Defined Contribution Plans

Defined contribution plans focus on the contributions made to the plan by company employees – in contrast to defined benefit plans, which are designed to provide a specific benefit payout to an employee upon retirement. For the most part, defined contribution plans are tied to company profits and the company generally is not obligated to provide a certain, specified retirement benefit to any employee. The rationale is that the better the company does financially, the more it will be able to contribute to the plan (within legal limits) and thereby provide more for retirement benefits. Those benefits may be determined at retirement, at which time the amount in the plan participant's (the employee's) account is tallied and a distribution made.

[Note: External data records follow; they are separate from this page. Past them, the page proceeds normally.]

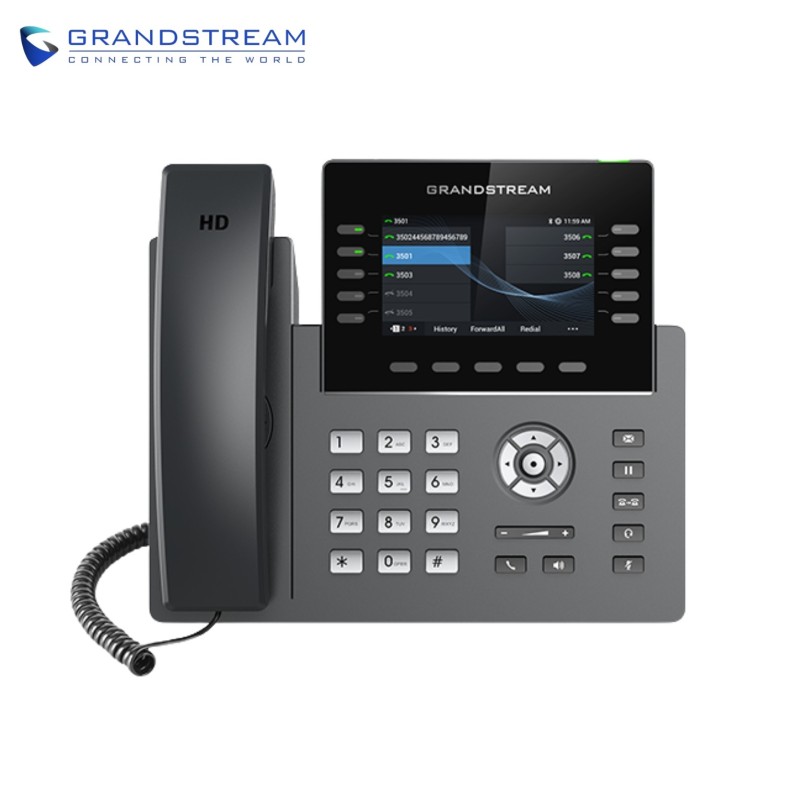 Téléphone IP professionnel GRANDSTREAM GRP2615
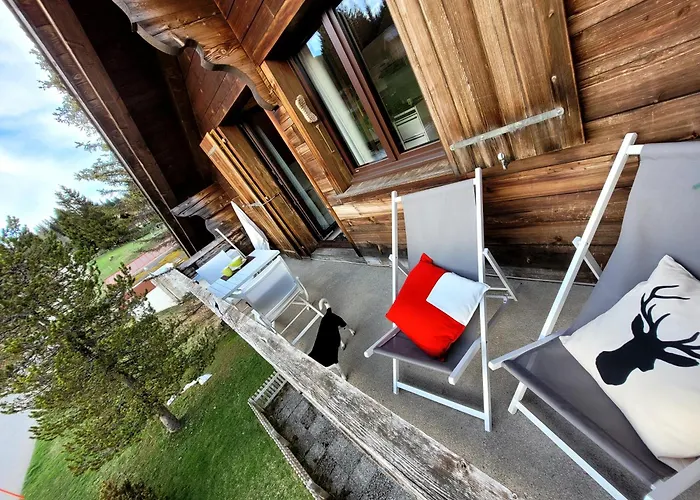 Joli Nid Cosi A La Montagne -lecherette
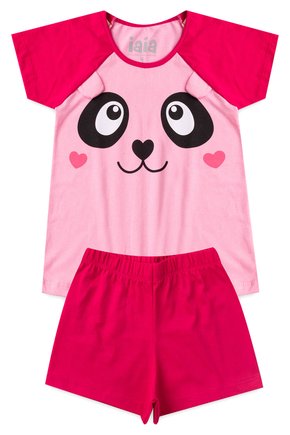 Pijama Infantil Menina Kangulu (1 ao 12)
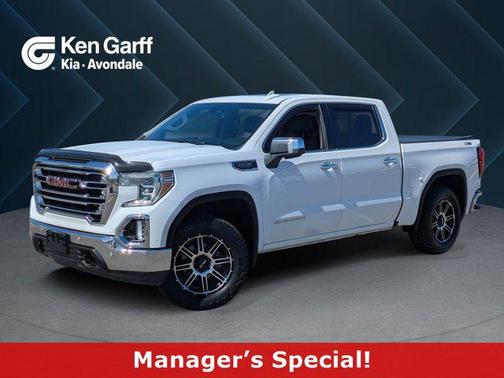 2019 GMC Sierra 1500 SLT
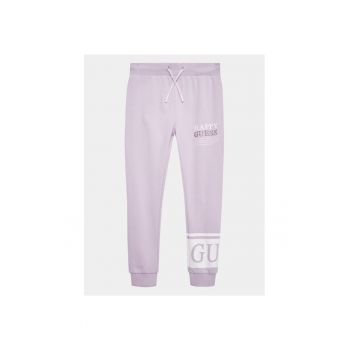 Pantaloni copii - 835003 - Violet - Bumbac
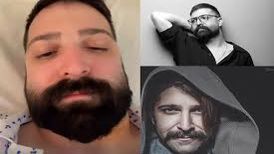ویدئوی جدید از حمید هیراد روی تخت بیمارستان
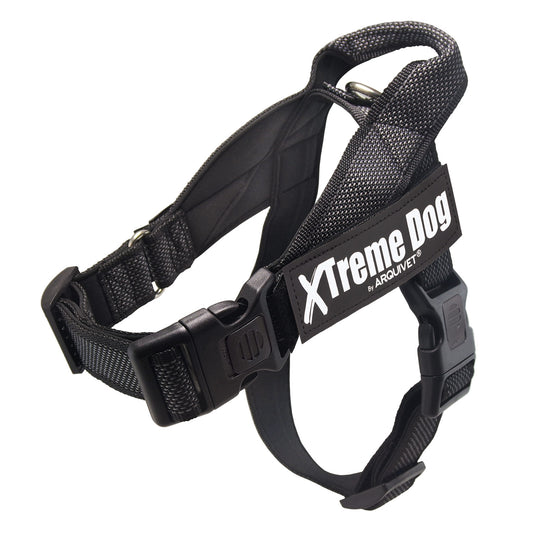 Arnés Classic Xtreme Dog - Negro
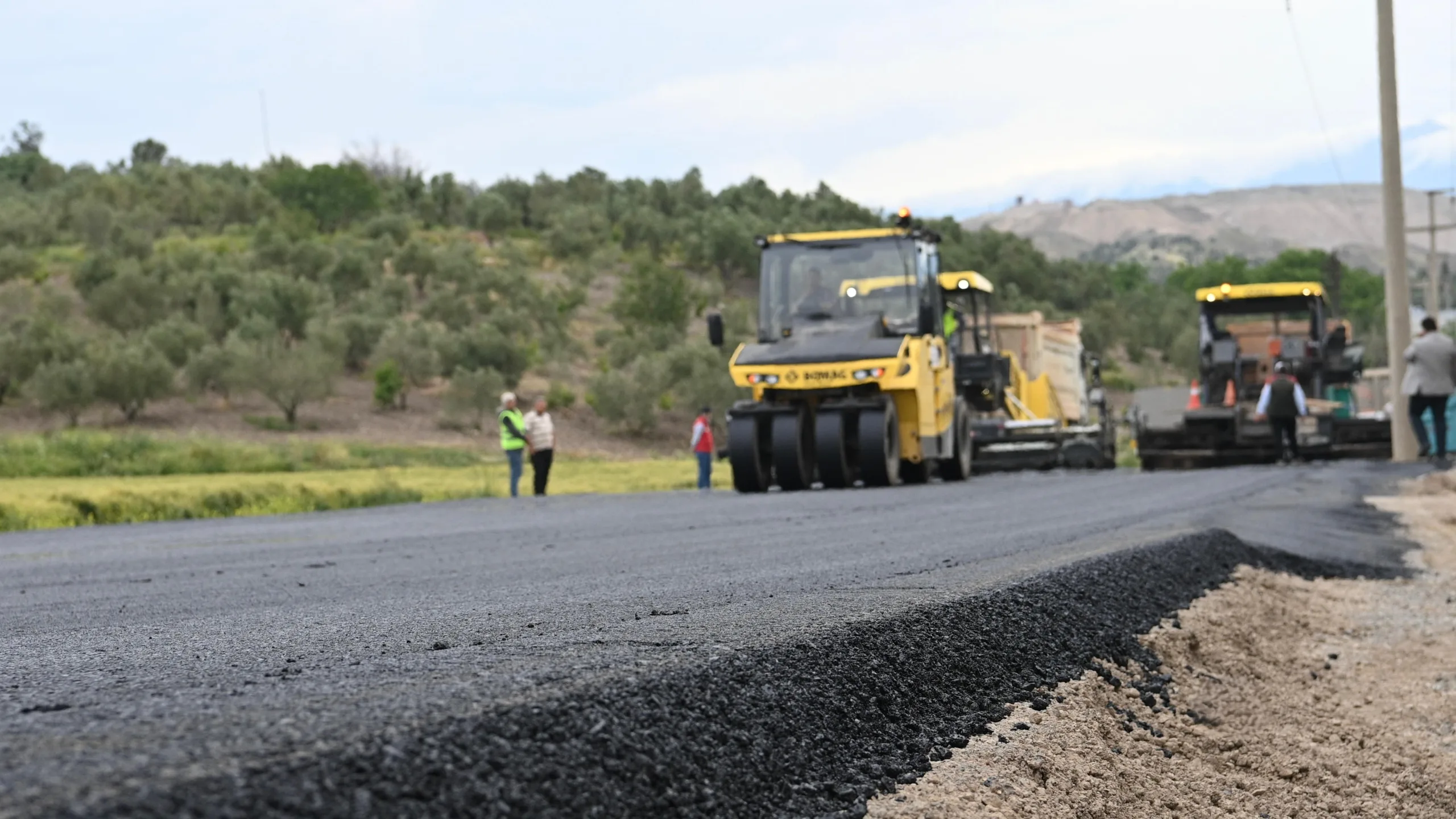 Kahramanmaraş’ta dev ulaşım hamlesi: 4 şeritli yeni yol hizmete hazır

Defined contribution plans may be in the form of either pension- or profit-sharing plans. Profit-sharing plans are established and maintained by companies primarily to provide for the participation in company profits by the employees or their beneficiaries. A qualified plan must provide a definite, predetermined formula for allocating among plan participants all contributions made to the plan. However, the amount of annual contributions, if any, is usually left to the discretion of the employer. Contributions are held in trust. When the employee retires or leaves under certain other circumstances, the contributions that have been allocated to that employee, including all earnings on those contributions, are distributed to the employee.Pension plans are established and maintained by employers interested in providing systematically for the payment of definitely determinable benefits to retired employees over a period of years -- typically for the remainder of the retiree's life. Retirement benefits are generally measured by and based on such factors as years of service and compensation received. The determination of the amount of plan contributions or benefits is not based upon the employer's profits, nor is it left in any way to the discretion of the employer.

When a profit-sharing or pension plan has been modified to provide a "cash or deferred arrangement" (or CODA), the resulting vehicle is popularly called a 401(k) plan after the section of the Internal Revenue Code that authorizes it.

The term "CODA" refers to two different methods by which the employee can defer a portion of his or her pay into the 401(k) plan. In the most common case, the employee is offered a cash bonus, all or part of which may be placed in or deferred into the plan on a before-tax basis. Alternately, the arrangement can take the form of a salary reduction agreement under which the employee elects to reduce his or her salary and place or defer the reduction amount into the plan, again on a before-tax basis. With either method, plan participants can avoid immediate taxation of the diverted bonus or salary deferral amount. Consequently, no income taxes are paid on the participating funds or their earnings until they're withdrawn. Thus, the 401(k) plan allows (within certain limits) a plan participant to augment the funds being contributed into his or her plan account on a tax-advantaged basis and therefore provide for greater retirement income.